Abstract:Soft robots exhibit inherent compliance and safety, which makes them particularly suitable for applications requiring direct physical interaction with humans, such as surgical procedures. However, their nonlinear and hysteretic behavior, resulting from the properties of soft materials, presents substantial challenges for accurate modeling and control. In this study, we present a soft robotic system designed for surgical applications and propose a hysteresis-aware whole-body neural network model that accurately captures and predicts the soft robot's whole-body motion, including its hysteretic behavior. Building upon the high-precision dynamic model, we construct a highly parallel simulation environment for soft robot control and apply an on-policy reinforcement learning algorithm to efficiently train whole-body motion control strategies. Based on the trained control policy, we developed a soft robotic system for surgical applications and validated it through phantom-based laser ablation experiments in a physical environment.

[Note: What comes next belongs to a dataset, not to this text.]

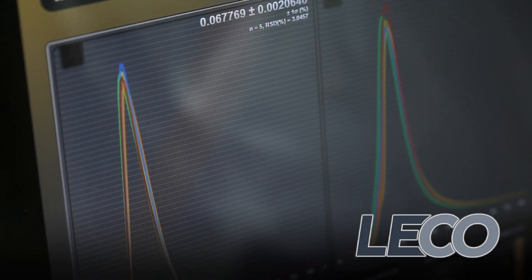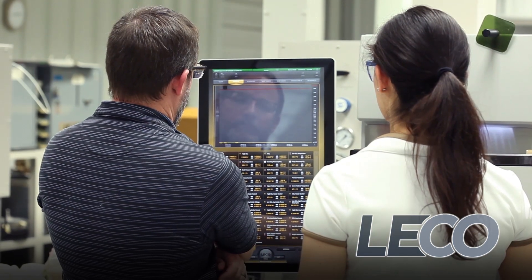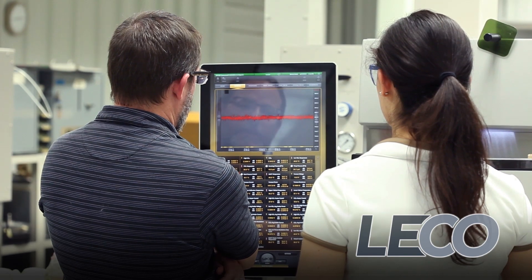Here at LECO, we strive to solve your most difficult lab challenges through user-friendly software, rugged designs, customizable configurations, and high-performance analyte detection.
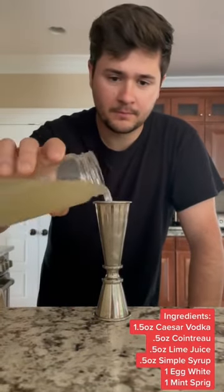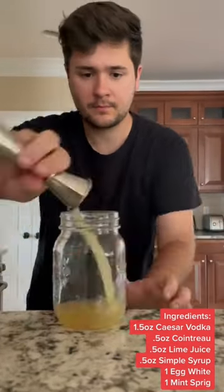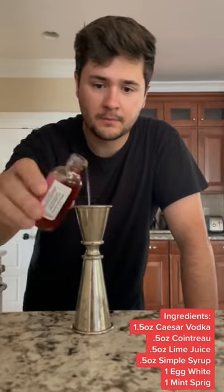One and a half ounces of our dressing, half ounce of Cointreau, half ounce of freshly bottled lime juice, half ounce of freshly made simple syrup — this is rose simple syrup — and one egg white.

The results demonstrate that the hysteresis-aware modeling reduces the Mean Squared Error (MSE) by 84.95 percent compared to traditional modeling methods. The deployed control algorithm achieved a trajectory tracking error ranging from 0.126 to 0.250 mm on the real soft robot, highlighting its precision in real-world conditions. The proposed method showed strong performance in phantom-based surgical experiments and demonstrates its potential for complex scenarios, including future real-world clinical applications.